#### [Exercise brief]
Both the line below containing "Camilla TELLERROCK in Cream" and the line containing "Leopard™ | Luxe loafers", along with every line between them, should be repeated exactly; no other line belongs in the answer.

========================================================================

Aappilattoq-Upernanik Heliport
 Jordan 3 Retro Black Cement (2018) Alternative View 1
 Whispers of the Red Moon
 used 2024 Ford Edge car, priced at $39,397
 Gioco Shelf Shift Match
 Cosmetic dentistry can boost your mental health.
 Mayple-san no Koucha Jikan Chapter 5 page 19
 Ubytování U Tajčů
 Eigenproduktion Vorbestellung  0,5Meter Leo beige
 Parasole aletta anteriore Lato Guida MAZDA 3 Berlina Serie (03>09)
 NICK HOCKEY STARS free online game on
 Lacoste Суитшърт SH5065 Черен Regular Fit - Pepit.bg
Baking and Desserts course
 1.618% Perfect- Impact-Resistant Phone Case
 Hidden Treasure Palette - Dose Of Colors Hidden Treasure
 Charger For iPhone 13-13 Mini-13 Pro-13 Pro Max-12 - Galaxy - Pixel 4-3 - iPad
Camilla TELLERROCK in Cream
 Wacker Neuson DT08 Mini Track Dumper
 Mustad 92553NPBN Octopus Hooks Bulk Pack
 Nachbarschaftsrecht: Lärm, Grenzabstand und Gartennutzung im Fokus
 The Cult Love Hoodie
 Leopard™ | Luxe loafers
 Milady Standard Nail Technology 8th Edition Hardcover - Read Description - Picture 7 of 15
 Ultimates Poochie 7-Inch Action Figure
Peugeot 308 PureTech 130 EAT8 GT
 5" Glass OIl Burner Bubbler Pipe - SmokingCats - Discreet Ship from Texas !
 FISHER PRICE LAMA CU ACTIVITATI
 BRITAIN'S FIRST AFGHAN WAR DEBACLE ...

========================================================================

#### [Response box]
Camilla TELLERROCK in Cream
 Wacker Neuson DT08 Mini Track Dumper
 Mustad 92553NPBN Octopus Hooks Bulk Pack
 Nachbarschaftsrecht: Lärm, Grenzabstand und Gartennutzung im Fokus
 The Cult Love Hoodie
 Leopard™ | Luxe loafers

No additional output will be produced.